First, note that we are counting labelled configurations (the friends are all distinct), so we want to consider exponential generating functions (egfs). Recall that the egf for a species \(F\) is given by

\(\displaystyle F(x) = \sum_{n \geq 0} |F[n]| \frac{x^n}{n!}\),

that is, a (possibly infinite) formal power series where the coefficient of \(x^n/n!\) is the number of distinct labelled \(F\)-structures of size \(n\). In our case, we need

\(\displaystyle E(x) = \sum_{n \geq 0} 1 \cdot \frac{x^n}{n!} = e^x\),

since there is exactly one set structure of any size, and

\(\displaystyle E_2(x) = \frac{x^2}{2}\),

which is just the restriction of \(E(x)\) to only the \(x^2\) term. Of course, we also have \(X(x) = x\). Putting this together, we calculate

\(\begin{array}{rcl}\displaystyle (E \circ (E_2 + X))(x) &=& e^{(x^2/2 + x)} \\[1em] &=& \displaystyle \sum_{n \geq 0} \frac{(x^2/2 + x)^n}{n!} \\[1em] &=& \displaystyle \sum_{n \geq 0} \sum_{k = 0}^n \frac{1}{n!} \binom{n}{k} \left(\frac{x^2}{2}\right)^k x^{n-k} \\[1em] &=& \displaystyle \sum_{n \geq 0} \sum_{k=0}^n \frac{1}{n!} \binom{n}{k} \frac{x^{n+k}}{2^k} \end{array}\)

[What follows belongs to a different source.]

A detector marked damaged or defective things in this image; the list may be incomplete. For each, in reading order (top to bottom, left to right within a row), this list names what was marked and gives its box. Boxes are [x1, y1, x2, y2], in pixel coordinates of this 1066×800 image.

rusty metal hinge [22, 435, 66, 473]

Ultimately, we want something of the form \(\displaystyle \sum_{m \geq 0} f_m \frac{x^m}{m!}\), so we’ll need to collect up like powers of \(x\). To do that, we can do a bit of reindexing. Right now, the double sum is adding up a bunch of terms that can be thought of as making a triangle:

Each ordered pair in the triangle corresponds to a single term being added. Each column corresponds to a particular value of \(n\), with \(n\) increasing to the right. Within each column, \(k\) goes from \(0\) up to \(n\).

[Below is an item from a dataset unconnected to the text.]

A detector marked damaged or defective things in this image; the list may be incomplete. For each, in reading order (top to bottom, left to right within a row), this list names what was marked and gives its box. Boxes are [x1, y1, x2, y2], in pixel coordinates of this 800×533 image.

The powers of \(x\) in our double sum are given by \(n+k\). If we draw in lines showing terms that have the same power of \(x\), it looks like this:

So let’s choose a new variable \(m\), defined by \(m = n + k\). We can see that we will have terms for every \(m \geq 0\). We will also keep the variable \(k\) for our other index, and substitute \(n = m - k\) to get rid of \(n\). In other words, instead of adding up the triangle by columns, we are going to add it up by diagonals.

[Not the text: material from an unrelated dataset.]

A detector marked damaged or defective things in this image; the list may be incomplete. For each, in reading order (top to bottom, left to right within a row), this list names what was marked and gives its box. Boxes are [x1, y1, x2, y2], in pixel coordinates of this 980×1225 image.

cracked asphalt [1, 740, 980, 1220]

Previously we had \(k \leq n\); substituting for \(n\) that now turns into \(k \leq m - k\). Adding \(k\) to both sides and dividing by \(2\) yields \(k \leq \lfloor m/2 \rfloor\) (we can round down since \(k\) is an integer). Looking at the diagram above, this makes sense: the height of each diagonal line is indeed half its index. Rewriting our indices of summation and substituting \(m - k\) for \(n\), we now have:

\(\begin{array}{rcl}\displaystyle \sum_{n \geq 0} \sum_{k=0}^n \frac{1}{n!} \binom{n}{k} \frac{x^{n+k}}{2^k} &=& \displaystyle \sum_{m \geq 0} \sum_{k=0}^{\lfloor m/2 \rfloor} \frac{1}{(m-k)!} \binom{m-k}{k} \frac{x^m}{2^k} \\[1em] &=& \displaystyle \sum_{m \geq 0} \sum_{k=0}^{\lfloor m/2 \rfloor} \frac{1}{k!(m-2k)!} \frac{x^m}{2^k} \\[1em] &=& \displaystyle \sum_{m \geq 0} \frac{x^m}{m!} \sum_{k=0}^{\lfloor m/2 \rfloor} \frac{m!}{k!(m-2k)!2^k} \end{array}\)

And hey, look at that! The coefficient of \(x^m/m!\) is exactly what we previously came up with for \(T_m\). Math works!